From the earliest planning stages, it was envisaged that the integration of Australian contemporary art throughout the building would be integral to the student experience, adopting a blend of newly commissioned and purchased artworks.

The ten commissioned artworks respond to Boola Katitjin’s overarching narratives which aim to reflect its location, essence and goals. Beginning with Murdoch University’s locale, as a Campus on Country, these commissions needed to reflect both the building’s unique position at the gateway of the Beeliar Wetlands; a place that has been a traditional Indigenous centre of learning for thousands of years.  Boola Katitjin in Noongar language means many facets, or many levels of learning. This name is a great summation of both the contemporary teaching and learning that presently takes place within the building and acknowledges and pays respect to the original custodians of this land and celebrates its rich cultural legacy.
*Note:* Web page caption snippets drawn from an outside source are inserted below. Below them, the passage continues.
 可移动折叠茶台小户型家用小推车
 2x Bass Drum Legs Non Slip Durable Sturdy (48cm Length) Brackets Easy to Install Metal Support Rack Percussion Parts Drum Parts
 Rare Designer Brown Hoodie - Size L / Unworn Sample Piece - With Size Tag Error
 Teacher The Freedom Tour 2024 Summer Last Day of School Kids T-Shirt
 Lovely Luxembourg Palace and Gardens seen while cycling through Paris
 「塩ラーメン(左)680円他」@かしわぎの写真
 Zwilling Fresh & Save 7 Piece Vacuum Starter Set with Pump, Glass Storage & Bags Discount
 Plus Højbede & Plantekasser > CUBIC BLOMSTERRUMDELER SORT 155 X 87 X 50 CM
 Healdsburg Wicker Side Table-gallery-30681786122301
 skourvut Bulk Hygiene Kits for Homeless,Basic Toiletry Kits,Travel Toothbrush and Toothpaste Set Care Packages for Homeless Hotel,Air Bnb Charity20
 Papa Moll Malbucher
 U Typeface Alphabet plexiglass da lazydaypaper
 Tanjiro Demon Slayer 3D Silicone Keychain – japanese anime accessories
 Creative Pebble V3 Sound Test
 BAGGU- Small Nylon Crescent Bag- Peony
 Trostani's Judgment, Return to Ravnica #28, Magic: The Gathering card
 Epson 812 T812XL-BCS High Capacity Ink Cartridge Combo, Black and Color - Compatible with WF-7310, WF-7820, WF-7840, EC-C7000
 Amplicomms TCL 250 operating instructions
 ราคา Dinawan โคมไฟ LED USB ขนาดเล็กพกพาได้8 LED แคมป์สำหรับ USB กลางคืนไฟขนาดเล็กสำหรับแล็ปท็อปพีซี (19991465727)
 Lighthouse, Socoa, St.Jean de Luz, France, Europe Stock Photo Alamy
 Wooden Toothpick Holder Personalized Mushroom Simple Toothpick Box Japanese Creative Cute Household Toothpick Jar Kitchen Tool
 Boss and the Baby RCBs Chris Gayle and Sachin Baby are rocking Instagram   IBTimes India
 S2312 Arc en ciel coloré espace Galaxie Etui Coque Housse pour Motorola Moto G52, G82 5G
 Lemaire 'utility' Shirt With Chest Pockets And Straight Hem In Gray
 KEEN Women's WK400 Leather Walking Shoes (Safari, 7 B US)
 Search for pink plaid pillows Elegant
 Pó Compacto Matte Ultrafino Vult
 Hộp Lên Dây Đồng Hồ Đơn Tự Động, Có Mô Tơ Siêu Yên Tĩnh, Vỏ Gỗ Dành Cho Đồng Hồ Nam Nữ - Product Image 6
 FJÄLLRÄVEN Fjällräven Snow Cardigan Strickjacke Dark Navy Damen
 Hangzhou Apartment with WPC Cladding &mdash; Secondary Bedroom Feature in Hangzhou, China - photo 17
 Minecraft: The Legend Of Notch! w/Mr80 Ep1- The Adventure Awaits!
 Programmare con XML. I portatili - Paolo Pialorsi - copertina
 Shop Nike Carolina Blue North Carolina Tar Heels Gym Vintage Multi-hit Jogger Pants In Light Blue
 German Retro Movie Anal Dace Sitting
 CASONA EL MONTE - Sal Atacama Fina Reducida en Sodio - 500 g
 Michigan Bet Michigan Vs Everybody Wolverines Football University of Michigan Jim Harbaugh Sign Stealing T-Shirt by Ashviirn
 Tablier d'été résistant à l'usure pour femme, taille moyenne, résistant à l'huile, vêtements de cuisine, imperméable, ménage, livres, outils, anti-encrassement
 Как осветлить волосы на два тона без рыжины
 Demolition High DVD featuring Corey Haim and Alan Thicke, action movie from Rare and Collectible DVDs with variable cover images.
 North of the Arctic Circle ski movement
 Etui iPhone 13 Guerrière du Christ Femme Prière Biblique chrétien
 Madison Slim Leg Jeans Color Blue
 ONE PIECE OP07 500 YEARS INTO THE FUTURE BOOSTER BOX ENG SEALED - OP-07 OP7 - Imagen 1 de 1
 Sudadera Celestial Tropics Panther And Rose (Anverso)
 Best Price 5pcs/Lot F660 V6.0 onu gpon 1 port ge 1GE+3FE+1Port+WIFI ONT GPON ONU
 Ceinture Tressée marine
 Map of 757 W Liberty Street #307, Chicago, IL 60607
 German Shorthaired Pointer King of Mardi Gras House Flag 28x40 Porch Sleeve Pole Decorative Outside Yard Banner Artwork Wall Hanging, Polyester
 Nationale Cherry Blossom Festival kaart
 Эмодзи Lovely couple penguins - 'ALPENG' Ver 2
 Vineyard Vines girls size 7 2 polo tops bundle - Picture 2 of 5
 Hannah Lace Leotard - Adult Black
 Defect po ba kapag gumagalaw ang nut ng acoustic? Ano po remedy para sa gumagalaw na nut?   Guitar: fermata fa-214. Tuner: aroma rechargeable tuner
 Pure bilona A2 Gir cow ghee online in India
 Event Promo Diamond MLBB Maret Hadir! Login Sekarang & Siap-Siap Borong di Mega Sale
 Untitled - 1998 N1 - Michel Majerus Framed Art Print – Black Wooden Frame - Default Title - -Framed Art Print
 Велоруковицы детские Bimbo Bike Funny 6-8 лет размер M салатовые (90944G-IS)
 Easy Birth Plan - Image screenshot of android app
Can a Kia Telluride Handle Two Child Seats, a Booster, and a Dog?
The second overarching narrative which informed many of the artwork commissions is the leading-edge technology embedded throughout the building. With a digital hub featuring a laptop lounge, computer stations and an immersive lab, technology is an integral part of Boola Katitjin’s 19 different learning spaces. This new technology enables a collaborative learning style with a hybridisation of online and face to face learning. Accordingly, most of the art commissioned for Boola Katitjin are digital installations, including interactive artworks.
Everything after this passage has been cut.